Defense-in-depth security for OpenClaw agents.
Protects against session corruption, prompt injection, data exfiltration, and unauthorized actions — without sacrificing agent functionality. 9 defense layers, enforced at the gateway level, outside the agent's control.

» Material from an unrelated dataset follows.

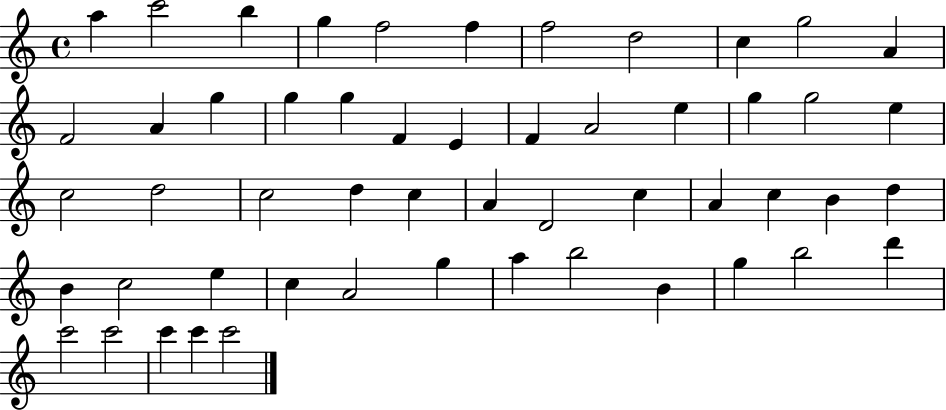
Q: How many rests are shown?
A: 0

Version: 0.6.0 · Author: @yassinebkr · License: MIT
OpenClaw gives your AI agent access to tools, files, messages, and shell commands. A single prompt injection hidden in a web page, email, or document can hijack your agent into:
- 🔓 Exfiltrating API keys, credentials, or private data
- 💻 Running arbitrary commands on your machine
- 📨 Sending messages on your behalf
- 🧠 Modifying its own system prompt to stay compromised
ProteClaw blocks these attacks at the gateway — the agent can't override it.
# Install
openclaw plugins install github:yassinebkr/proteclaw
# Restart gateway
openclaw gateway restart
# Verify
# Type /proteclaw in any chat sessionManual installation
git clone https://github.com/yassinebkr/proteclaw.git ~/.openclaw/extensions/proteclawAdd to ~/.openclaw/openclaw.json:
{
"plugins": {
"entries": {
"proteclaw": { "enabled": true }
}
}
}Restart: openclaw gateway restart
Gateway Start
├─ L0 Session Integrity ───── Validate & repair all session files
└─ L5 Bootstrap Integrity ─── Snapshot protected file hashes
User Message
├─ L4 Signal Detection ────── Scan inbound for injection patterns
└─ LC Threat Clear ────────── Reset restrictions on new user message
Before Agent Turn
├─ L0 Session Repair ──────── Fix corrupted messages (orphaned tool_results)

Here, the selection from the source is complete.